Five Types of Creative Debugging


Debugging experience is an important part of learning how to diagnose and fix problems in software. Learning to debug can be helpful to more than just aspiring software engineers since it usually involves an empirical approach to problem solving. Yet the notion of debugging as empirical problem solving does not fully account for programming experiences which are personally expressive and artistically creative. In this ethnographic study among Scratch communities, I draw attention to five types of creative debugging, only one of which can be explained by engineering-focused models: fixing bugs, finding cheats, making glitches, reaching coherence, and designing by feel.


Across this study, Scratch users demonstrated a wide range of creative responses to bugs. Some students did fix their projects in respect to an established goal. Much of what I observed cannot be easily accounted by this narrow view of debugging. In addition to fixing things, students were finding cheats, making glitches, trying to reach coherence, and designing by feel.

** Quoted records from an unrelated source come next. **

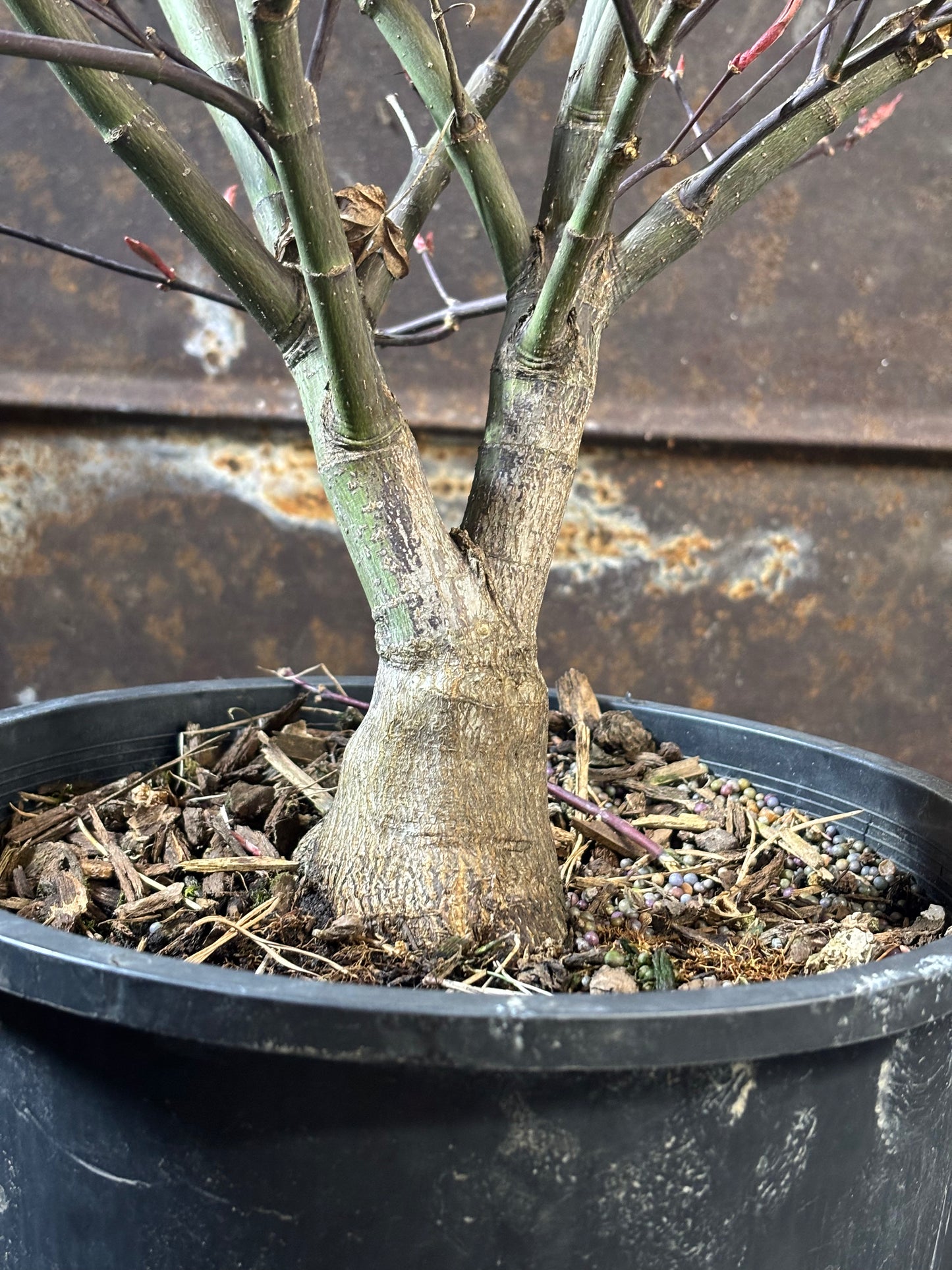 Acer palmatum 'Rhode Island Red'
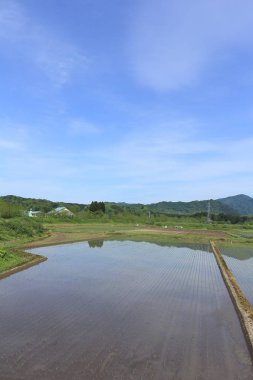 Bahar, pirinç alan, Akita, Japan, peyzaj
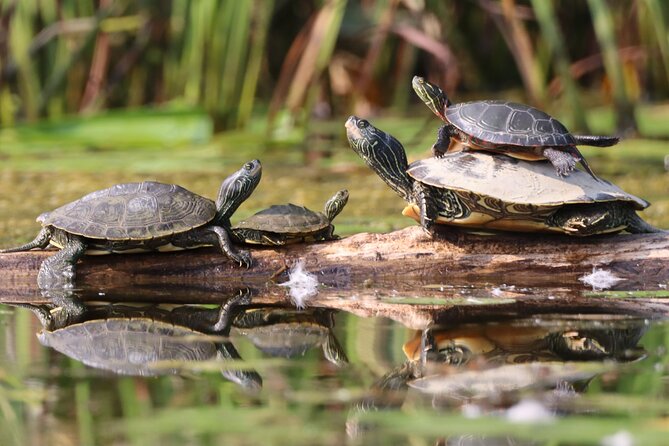 Ottawa: Ecological Reserve Kayak Tour with Turtle Sightings - The gear setup: comfortable kayaks and a dry-bag mindset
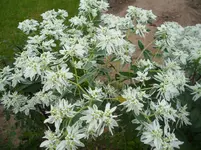 SAM_1578.webp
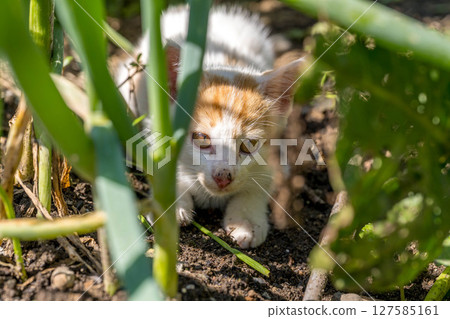 Spring child ~Kitten playing in the field~ Spring child ~Kitten playing in the field~ 127585161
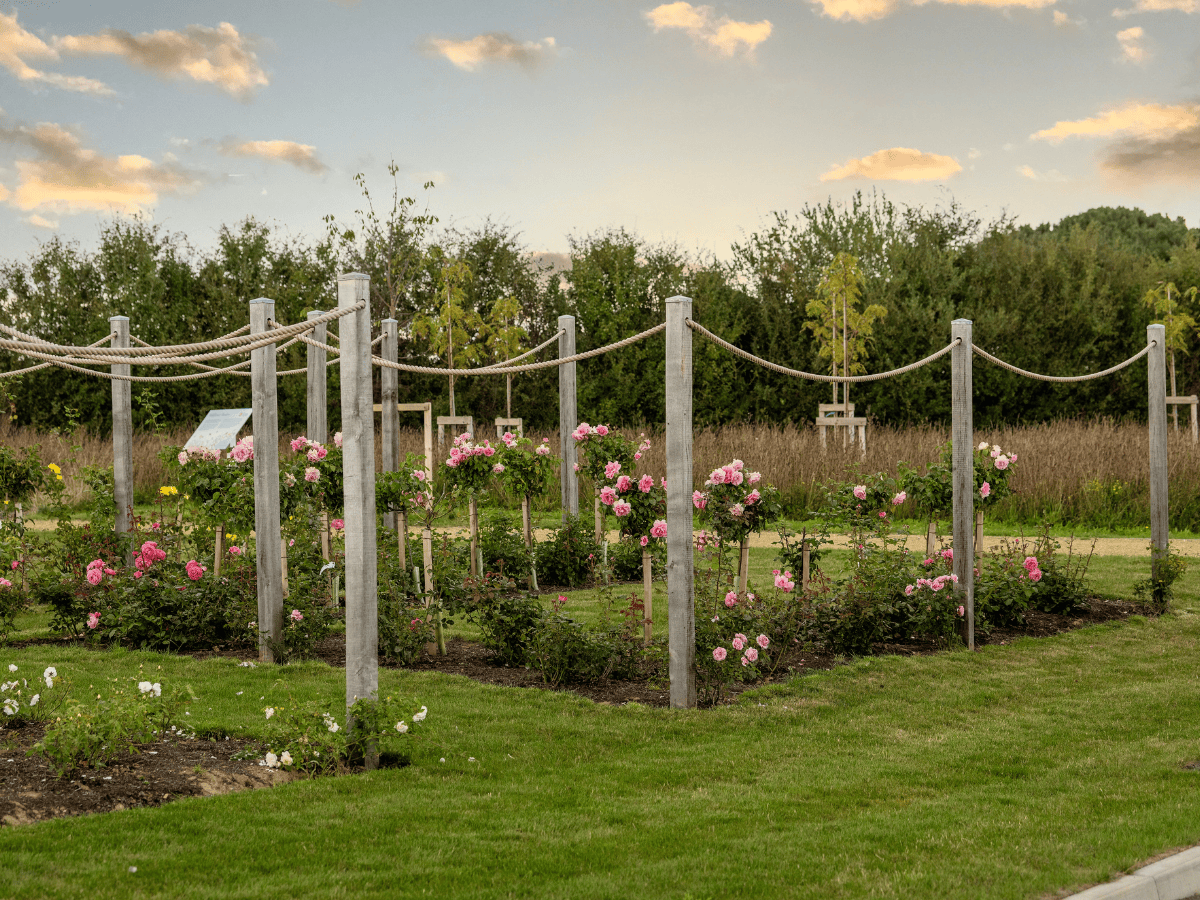 ARN - Arun Crematorium - Garden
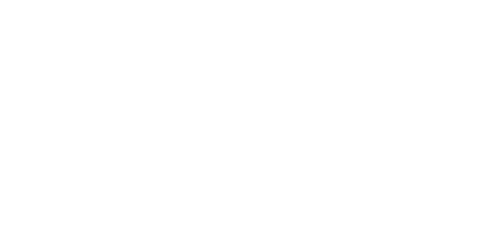 dk Software
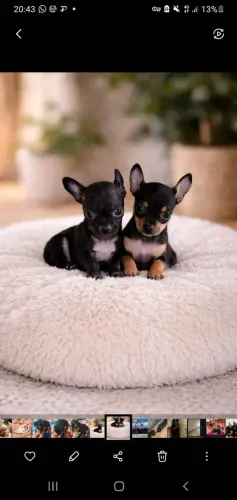Pinscher 00
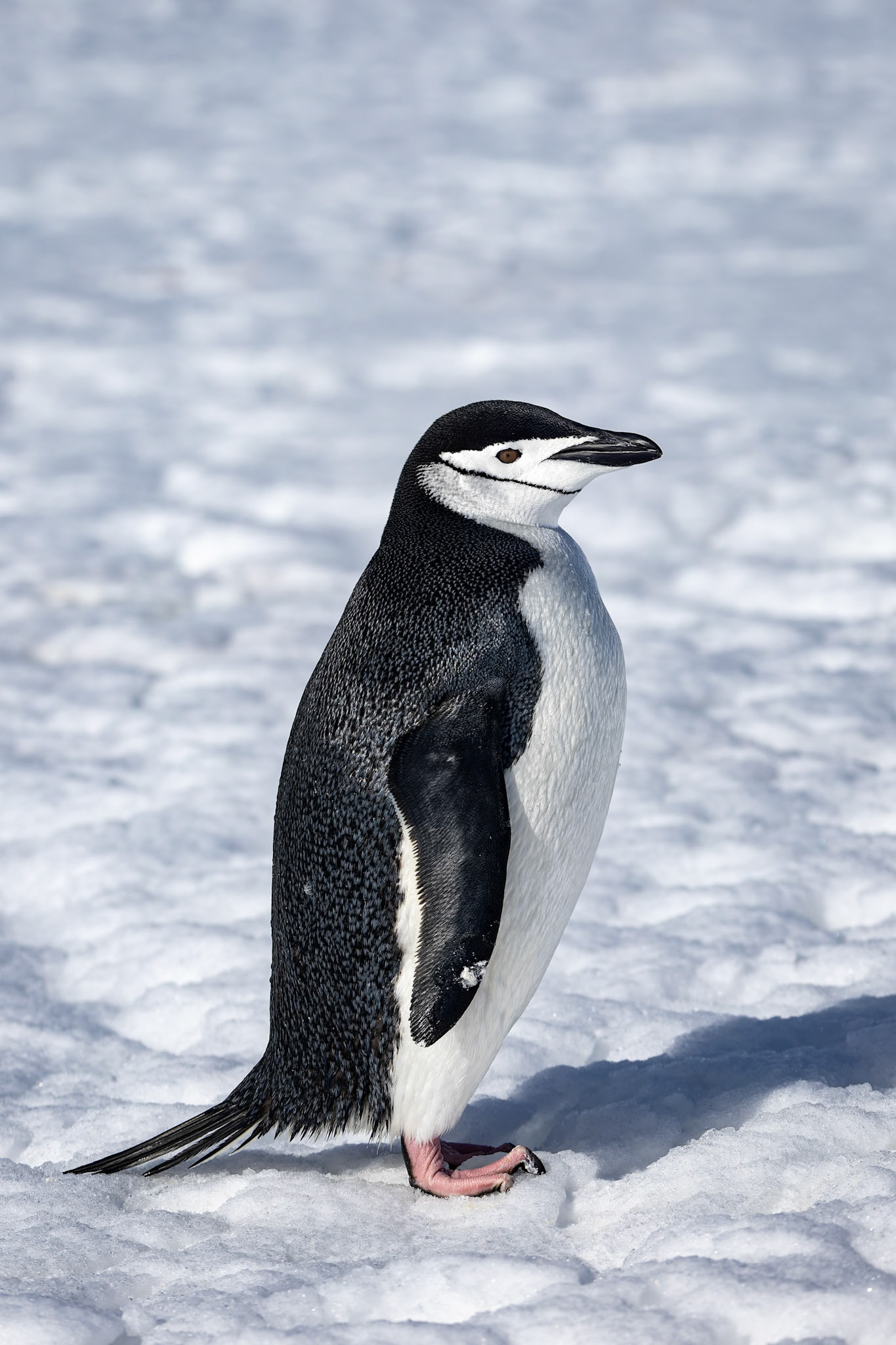 Chinstrap penguin, Half-moon Island, Shetland Islands, Antarctica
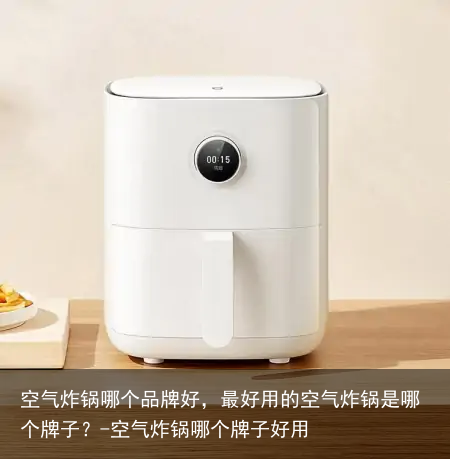 空气炸锅哪个品牌好，最好用的空气炸锅是哪个牌子？-空气炸锅哪个牌子好用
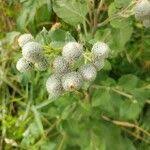 Attēlu rezultāti vaicājumam “Arctium tomentosum fruit”
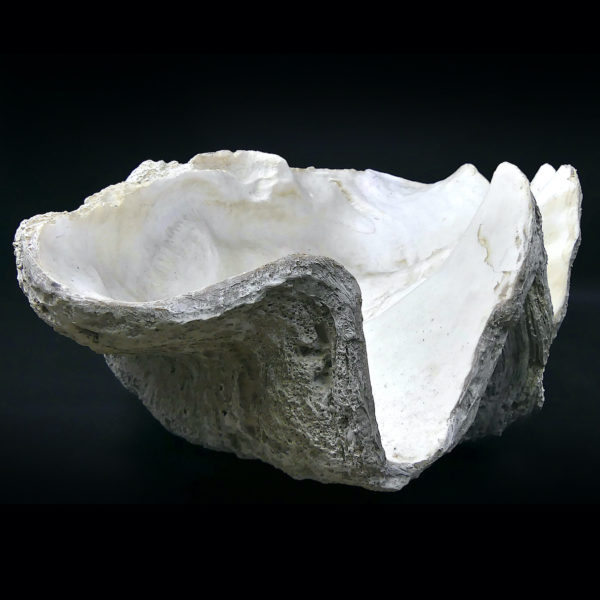 Grand bénitier géant moulé en matériau composite Tridacna gigas (3/4)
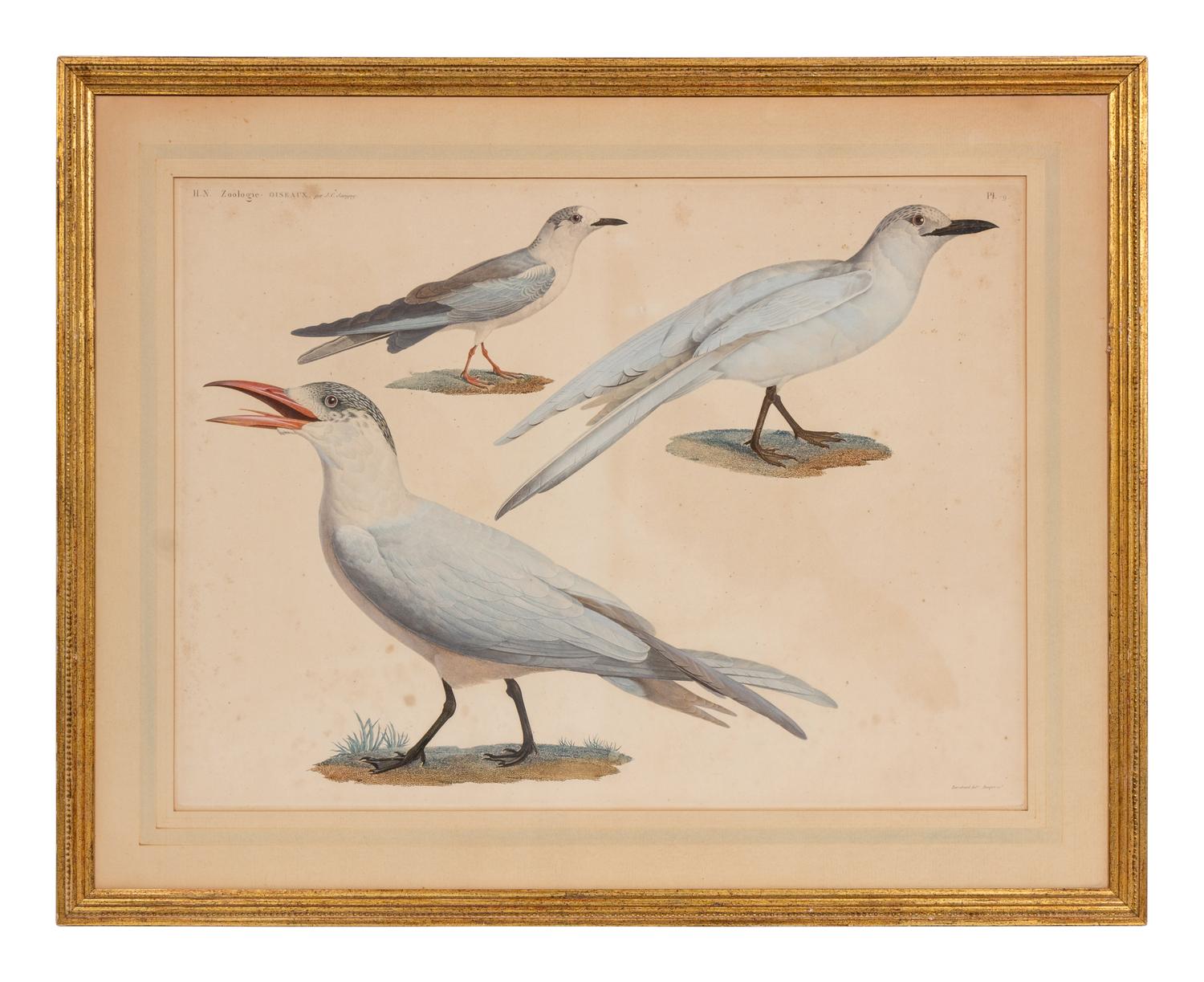 A Group of Two Hand Colored Engravings from Histoire Naturelle Zoologie, by Jules-Cesar Savigny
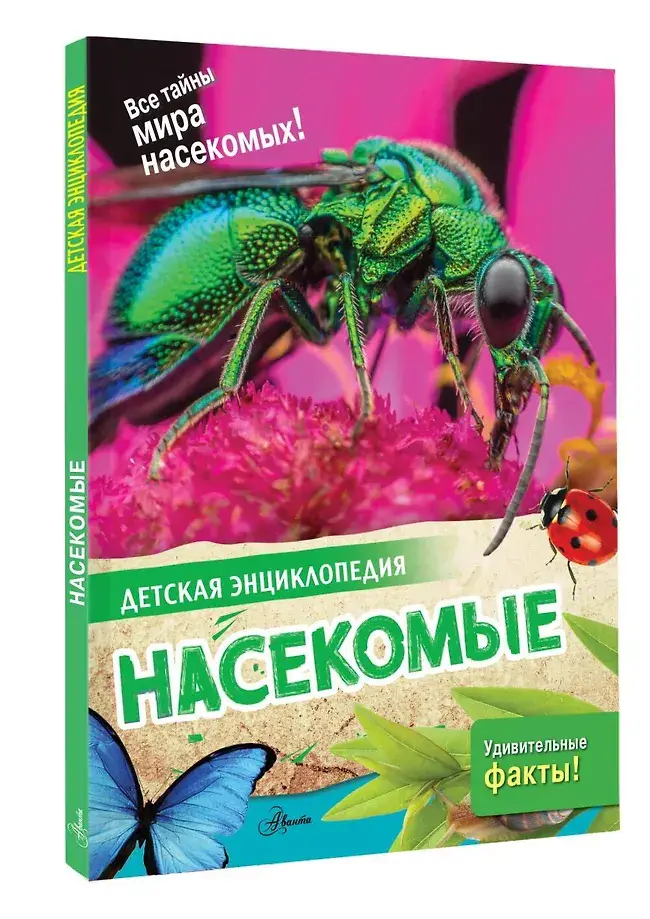 Насекомые фото книги 2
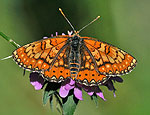 euphydryas_desfontainii_dx0722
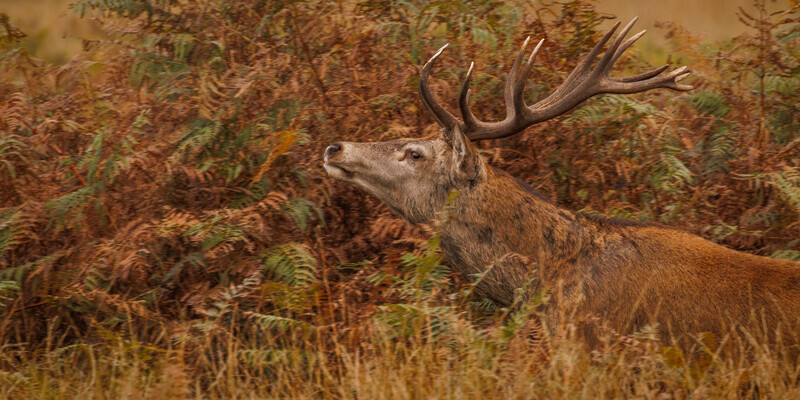 4-Autumn colours in the ruting season - Dave Bolton - Bronze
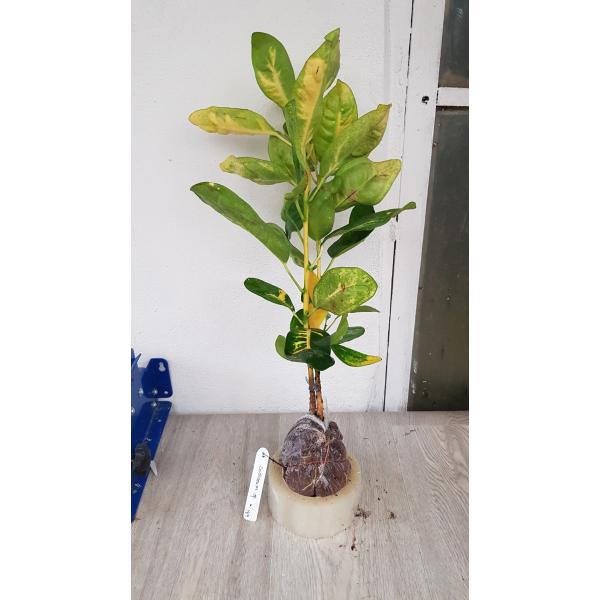 Кодиеум овалифолиум / Codiaeum ovalifolium 187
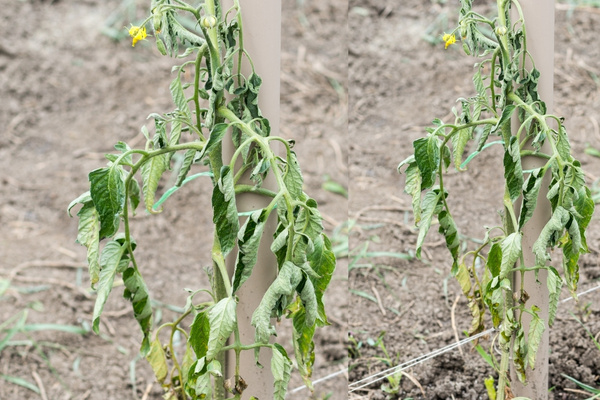 Que Faire Si les Feuilles de Tomates Jaunissent ? Mes Remèdes Efficaces.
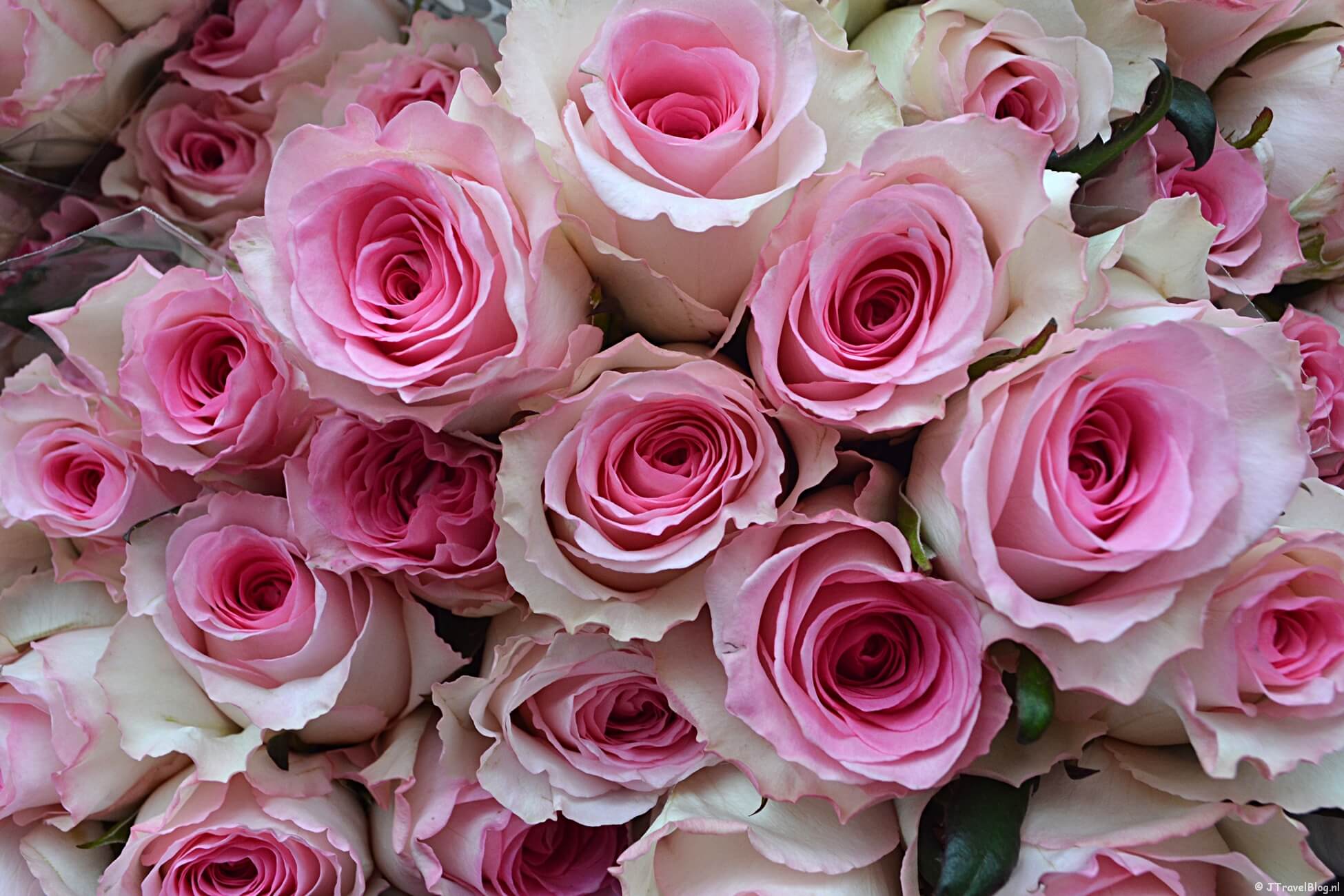 Maandoverzicht november 2019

Further ethnography and theory on creative debugging may broaden notions of debugging yet more. Future work should include greater correlation to certain kinds of settings, ages, genders, or learning styles. Discourse analysis of projects and comments on the Scratch website could also yield insights about feedback and debugging. The practices and language surrounding "glitches" are an especially promising area of research.

Although we should not make too much of the overlap in terms, "glitch art" is an artistic genre which closely resembles the \x93spazzing\x94 \x93glitches\x94 of Scratch Club. According to Rosa Menkman, glitch art responds to computational accidents with an informed critique on the notion of process. She explains that "glitch artists make use of the accident to \'disfigure\' flow, image and information," to "break from procedural flow" (Menkman, 33-4). Perhaps creative play with glitches is a special opportunity to explore powerful ideas about the nature of process and its limits.

After these initial encounters with two Scratch communities, I now think the notions of debugging held by software engineers are too narrowly defined. Debugging can be a powerful strategy for diagnosing and fixing something which is broken. Yet the learners at Scratch Club and Animation Class applied a broader set of creative responses to bugs than just fixing things. Further research in this area may reveal an even richer range of debugging creativity.